Cette décision de la Cour de cassation du 9 mars 2022 (n° 21-80.600) vient trancher un point crucial : pour les personnes condamnées pour des infractions terroristes (articles 421-1 à 421-6 du Code pénal, sauf les plus mineures), le tribunal de l'application des peines ne peut accorder la libération conditionnelle sans avoir recueilli l'avis de la Commission pluridisciplinaire des mesures de sûreté (CPMS) de Paris. En revanche, l'évaluation par le Centre national d'évaluation (CNE) n'est qu'une simple faculté, pas une obligation. Une nuance qui change tout.
Pour les non-juristes, retenez ceci : la CPMS, composée de magistrats, psychiatres et experts, doit obligatoirement donner son avis sur la dangerosité du condamné. Le CNE, lui, peut être saisi ou non, au choix du président de la CPMS. La cour d'appel de Paris avait exigé les deux, mais la Cour de cassation la censure : elle a méconnu la loi. Explications.
Les faits : une histoire comme il en arrive chaque jour
M. X., un homme condamné pour participation à une association de malfaiteurs en relation avec une entreprise terroriste (article 421-2-1 du Code pénal), purgait sa peine dans un centre de détention. Après avoir effectué la moitié de sa peine, il dépose une demande de libération conditionnelle, soutenue par son avocat et par un projet de réinsertion : un emploi chez un artisan à Bricquebec, un logement chez sa sœur, et un suivi psychologique régulier.
La chambre de l'application des peines de la cour d'appel de Paris, saisie du dossier, examine les rapports du service pénitentiaire. Mais elle estime que la loi exige à la fois un avis de la CPMS et une évaluation par le Centre national d'évaluation (CNE). Or, le CNE n'avait pas été saisi. La cour d'appel rejette donc la demande, au motif que l'évaluation pluridisciplinaire n'était pas complète.
M. X. se pourvoit en cassation. Il argue que les textes (articles 730-2-1, D. 527-3 et D. 527-4 du Code de procédure pénale) ne prévoient qu'une seule obligation : l'avis de la CPMS. Le CNE n'est qu'une option. La Cour de cassation lui donne raison : elle casse l'arrêt de la cour d'appel, qui a « méconnu » les textes. L'affaire est renvoyée devant une autre chambre.
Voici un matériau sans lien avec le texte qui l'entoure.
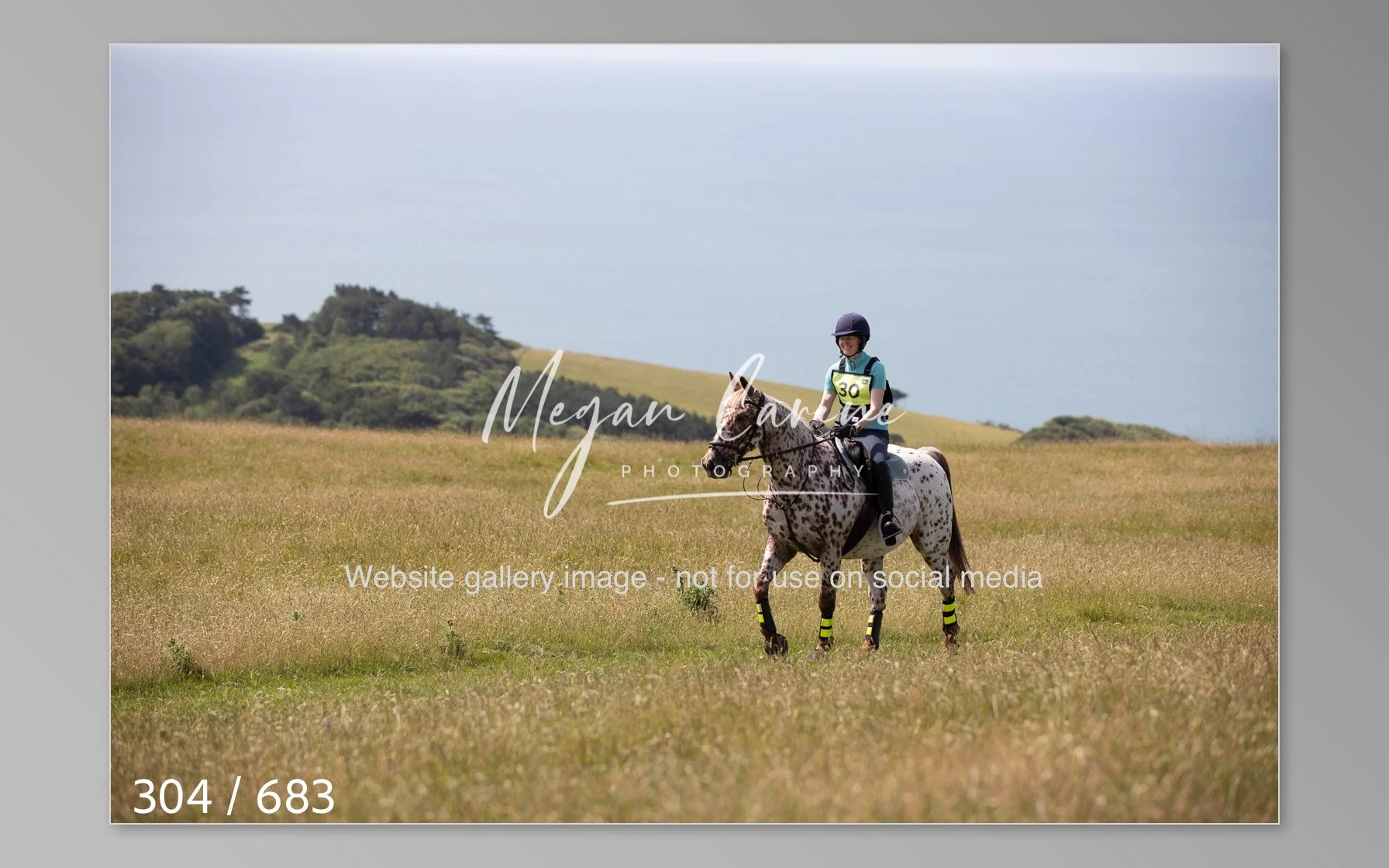Abbotsbury-304.jpg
Le raisonnement de la juridiction — décortiqué
La Cour de cassation s'appuie sur une lecture littérale des textes. L'article 730-2-1 du Code de procédure pénale (CPP) dispose que, pour les condamnés pour terrorisme, la libération conditionnelle ne peut être accordée qu'après avis de la CPMS. Les articles D. 527-3 et D. 527-4 précisent les modalités : la CPMS procède à une évaluation pluridisciplinaire de la dangerosité. Le même article D. 527-4 ajoute que le président de la CPMS peut saisir le CNE — une simple faculté, donc.
La cour d'appel avait interprété ces textes comme imposant une double évaluation : CNE + CPMS. Mais la Cour de cassation rappelle que lorsque le législateur a voulu rendre une évaluation obligatoire, il l'a explicitement écrit. Ici, le terme « peut » ne laisse aucun doute : le président de la CPMS a le choix. Exiger systématiquement une évaluation du CNE ajoute une condition que la loi n'a pas prévue.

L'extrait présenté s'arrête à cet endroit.